Requirement -
Reproduction of part of the material below, pictures omitted: copy exactly, and only, the lines starting with the one with "Room in 3 BHK" and going on through the one with "301 McGinnis Drive, Old".

Material provided -
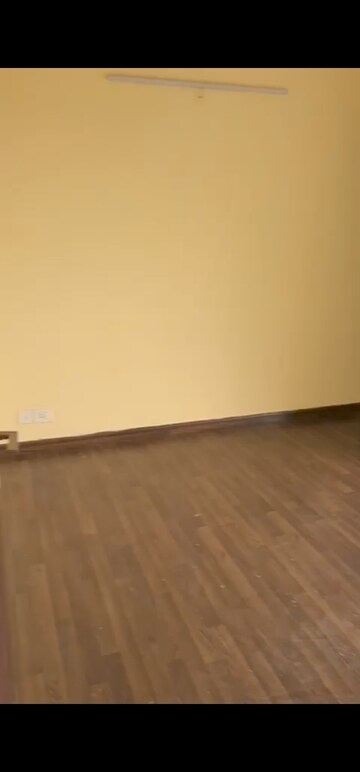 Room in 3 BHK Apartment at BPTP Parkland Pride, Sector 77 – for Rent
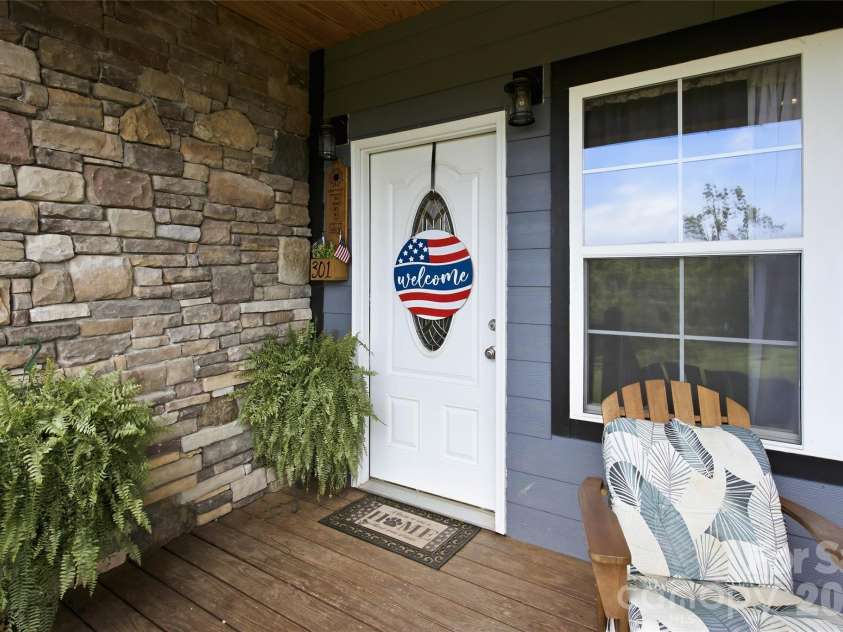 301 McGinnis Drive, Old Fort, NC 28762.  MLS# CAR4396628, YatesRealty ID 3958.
...
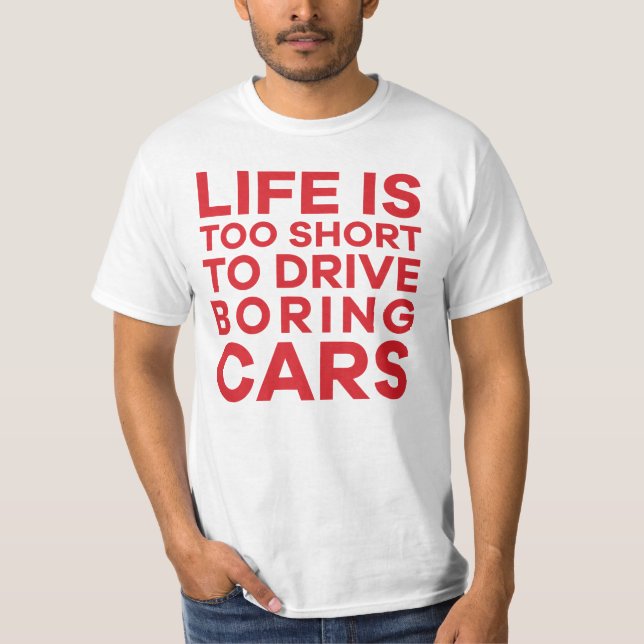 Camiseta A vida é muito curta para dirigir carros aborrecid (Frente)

Answer to this problem -
 Room in 3 BHK Apartment at BPTP Parkland Pride, Sector 77 – for Rent
 301 McGinnis Drive, Old Fort, NC 28762.  MLS# CAR4396628, YatesRealty ID 3958.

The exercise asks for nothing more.